No, they are not. The Chinese are hopeful, but only hopeful. They have no clear path forward on the monumental challenges facing them in developing a commercial-scale, economical, long-lasting, safe, LFTR. You may reject my views on this, but I know from many decades experience how hard it is to scale up a process by a factor of almost 500-to-1. The problem is not quite so hard when one key component is liquid water, as in a PWR or even a BWR, because water is not viscous and has excellent heat transfer properties. But, to accomplish the scale-up with a molten salt, that is much more viscous than hot water, increases the difficulty by orders of magnitude. You can ask any research chemical engineer.
“. . .compared to the pie-in-the-sky (and undoubtedly very expensive) fixes you cite for solar and wind storage.”
No, as I wrote above, the technologies for ESS are not speculative, they are proven to various extents. The only issues are cost and economics.
“ And building those fixes in the harsh ocean environment and depending on them is a monumental stretch in credibility.”
The ocean environment is not nearly as harsh as you make it out to be. Oil and gas exploration has been quite successful for decades offshore. Dropping a hollow concrete sphere onto the ocean floor in a few hundred feet of water is not a challenge. Mounting a wind-turbine on a floating platform, perhaps a tension-leg platform, is also not a challenge.
Give the offshore engineers some credit. They built Troll platform, after all.
Dr. Edward Teller was a proponent of LFTR, and his physics credentials seem quite impressive. The costs and economics of solar and wind are by far the most relevant factors. Wind turbines become junk after 15 years, if not sooner, and must be significantly overbuilt to withstand sporadic super storms. Neither solar nor wind can be sited in close proximity to most major population centers, and increasing their share on power grids soon leads to instability. Further, no storage methodology can obviate the need for spinning backup and load following; wind and solar can not be baseload because even with storage, their output fluctuates, and storage (which for all practical purposes has not been developed, and will be prohibitively expensive when it is) is inadequate for more than a fraction of a day. I lived in view of the Altamont Pass for nine years, and much of the time its wind turbines were idle. A friend owned a significant portion of Altamont, and said without subsidies it was worthless. I lived in Tucson for two years, and as you might expect, the winter low sun angle greatly diminished available solar energy, and long winter nights further complicated the issue. A chart of a daily power curve shows only a brief midday period of stable output, and the rest of the time increasing, decreasing, or no energy production. Solar energy production compared to rated capacity tends towards 10%, less than half of wind’s abysmal 25%. You seems dedicated to putting lipstick on a pig, but that pig will never win a beauty contest.

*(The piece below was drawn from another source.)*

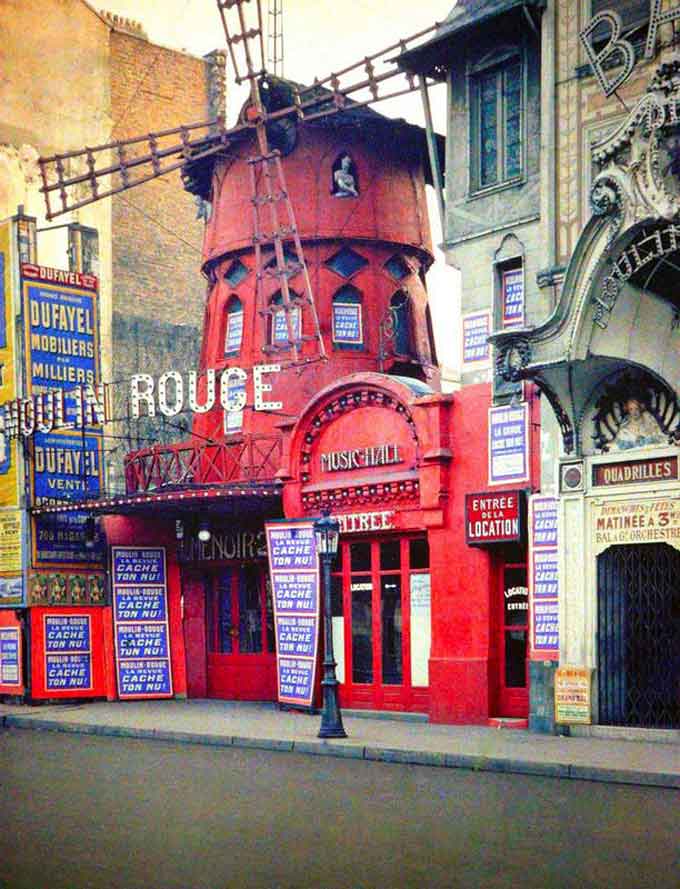 Moulin rouge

“The ocean environment is not nearly as harsh as you make it out to be. Oil and gas exploration has been quite successful for decades offshore. Dropping a hollow concrete sphere onto the ocean floor in a few hundred feet of water is not a challenge.”

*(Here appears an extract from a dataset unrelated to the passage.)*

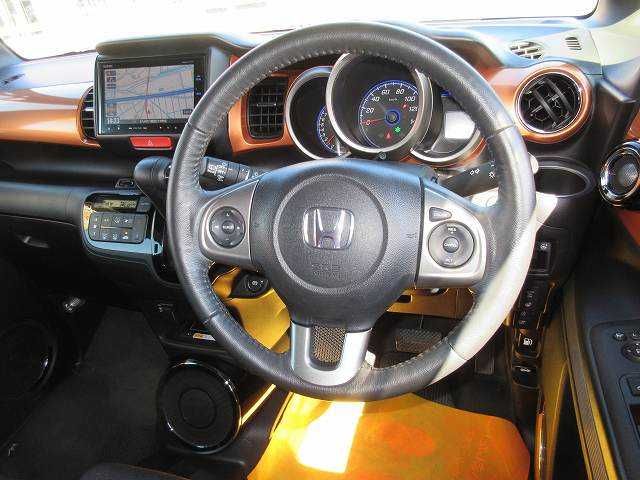 Honda N BOX SLASH 2014-12 25057-3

I’ve lived by the ocean half my life, including the past 16 years on the northern California coast less than half a mile from the Pacific. The ocean environment is very harsh, but not nearly as harsh as the political climate against placing any structures off shore in California, even if beyond the horizon and not visible from shore. Of course, the continental shelf ends before then, so the depths beyond exceed 1,000 feet. Since Obama just placed almost all our northern California coast into a National Monument, such development is now forbidden in perpetuity on what is easily the windiest part of the West Coast.

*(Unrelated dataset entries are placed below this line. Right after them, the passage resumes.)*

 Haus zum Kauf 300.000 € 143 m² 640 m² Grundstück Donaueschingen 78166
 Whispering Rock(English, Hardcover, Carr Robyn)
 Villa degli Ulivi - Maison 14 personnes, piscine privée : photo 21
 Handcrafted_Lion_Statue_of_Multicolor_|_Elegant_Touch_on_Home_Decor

That leaves off-shore Monterey, San Luis Obispo. Santa Barbara, Los Angeles, and San Diego with their wimpy wind power as alternative sites for wind farms (here I am dripping sarcasm). Maybe offshore wind enthusiasts should look at Hyannis Port to place more wind turbines for the Kennedy’s to admire, or off the Florida coast to amuse the tourists. When the subsidies run out, they can turn it into a wind turbine theme park dedicated to illustrating the foolishness of humanity.